U.P.B. Sci. Bull., Series D, Vol. 74, Iss. 4, 2012 ISSN 1454-2358

THERMAL ANALYSIS OF A LINEAR FRESNEL LENS SOLAR COLLECTOR WITH BLACK BODY CAVITY

RECEIVER

Iuliana SORIGA1, Constantin NEAGA2

Tuburile vidate sunt printre cele mai utilizate captatoare pentru conversia termică a energiei solare. Această lucrare îşi propune să analizeze un astfel de captator, care foloseşte o soluţie constructivă diferită de cele clasice, şi să compare performanţa acestuia cu a captatoarelor comercializate în prezent. Acesta utilizează lentile liniare Fresnel pentru a concentra radiaţia solară pe un receptor cilindric tip cavitate.
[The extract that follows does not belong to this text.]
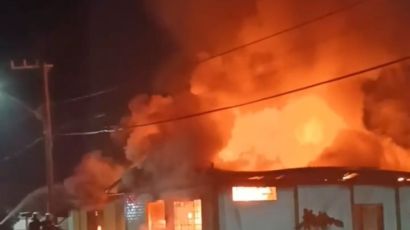 Incêndio destrói edificações em Abelardo Luz na noite de terça-feira (25)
Suprafaţa interioară a tubului de sticlă este acoperită cu un strat reflectorizant. În consecinţă, majoritatea razelor care pătrund în cavitate sunt absorbite (principiul corpului negru).

Evacuated tubes are among the most common collectors used in solar

thermal energy conversion. This paper aims to analyse such a collector that uses a different constructive solution than the classical, and compare its performance with other currently marketed collectors. The collector uses linear Fresnel lens to concentrate solar radiation on a cylindrical cavity receiver. The inner surface of the receiver’s glass tube is coated with a reflective layer. Consequently, most of the rays that penetrate the tube are trapped inside the cavity (black body principle).

Keywords: solar thermal analysis, linear Fresnel lenses, solar thermal conversion, solar concentrating collector.

1. Introduction

In the last decades, solar energy has been increasingly used. Also, studies have been conducted for harnessing the sun’s free and non-polluting energy, in many domains, on a large scale [1-3]. Among those, many studies turned their attention to solar energy conversion with linear Fresnel lenses (for both thermal and photovoltaic applications). Zhai [4] tested the thermal and optical efficiency for four types of cavity receptors with linear Fresnel lenses as concentrators.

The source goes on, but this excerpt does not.